» **The data**:

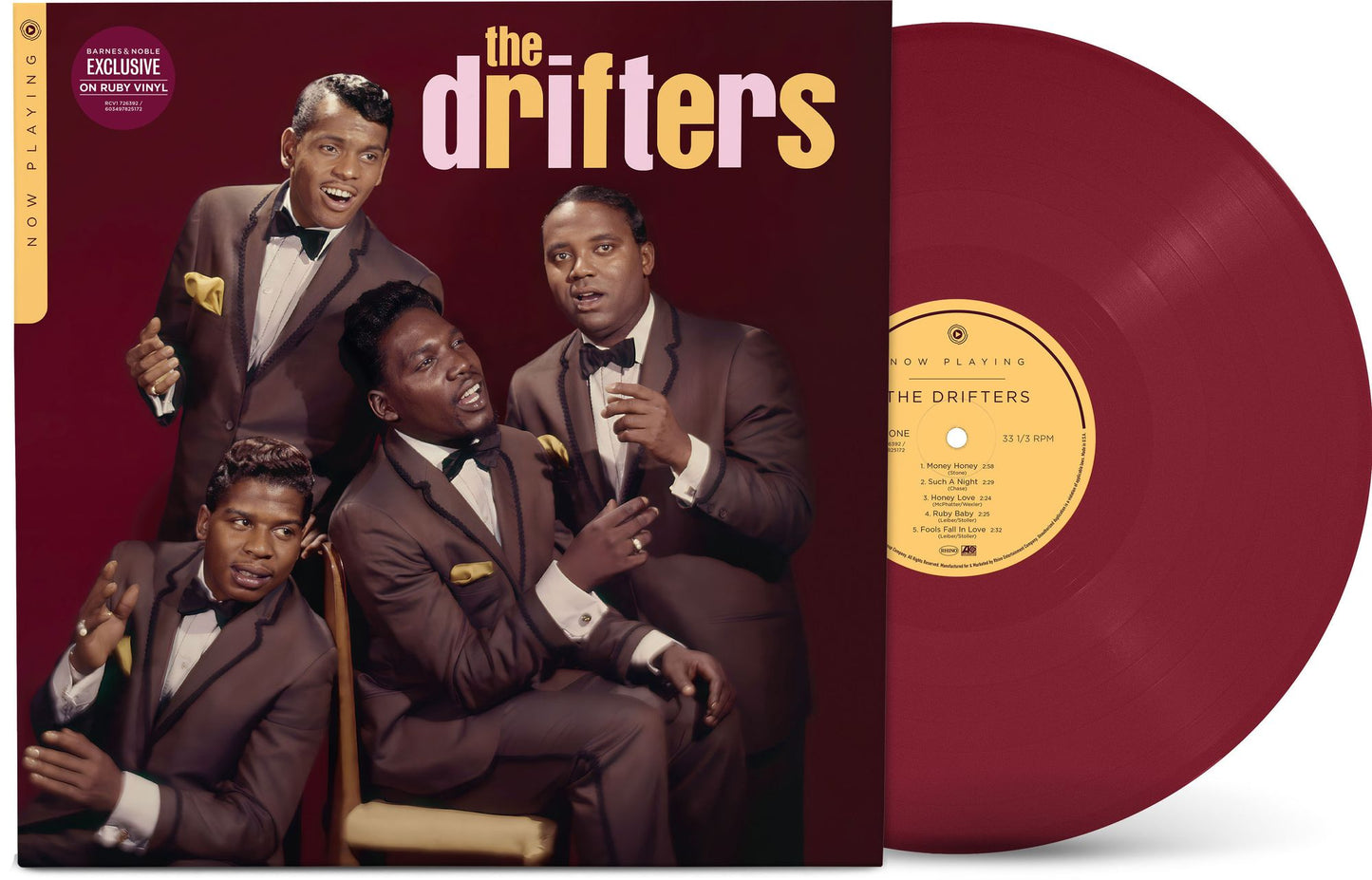 Now Playing (Drifters)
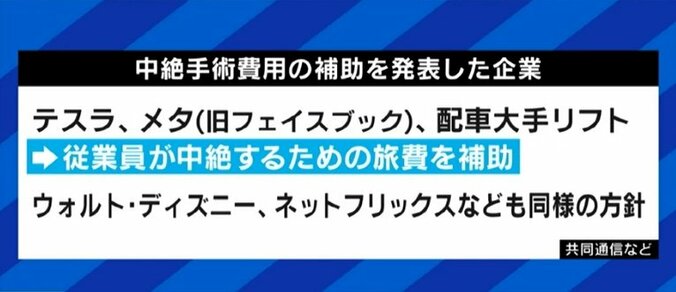 “産み育てるべきだ”を他人に強制できるのか…最高裁判事も分極化?人工妊娠中絶の是非をめぐって深まるアメリカの対立 3枚目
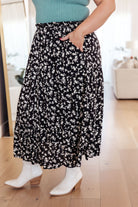 Fielding Flowers Floral Skirt - Charming Charlie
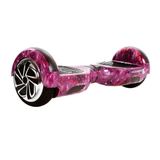 Smart Balance Hoverboard Rosa 36v Sistema Giroscopio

» **What you need to do**:
Give the listing again in full, exactly as it is, but without its images.

» **Solution to the problem**:
 Now Playing (Drifters)
 “産み育てるべきだ”を他人に強制できるのか…最高裁判事も分極化?人工妊娠中絶の是非をめぐって深まるアメリカの対立 3枚目
 Fielding Flowers Floral Skirt - Charming Charlie
 Smart Balance Hoverboard Rosa 36v Sistema Giroscopio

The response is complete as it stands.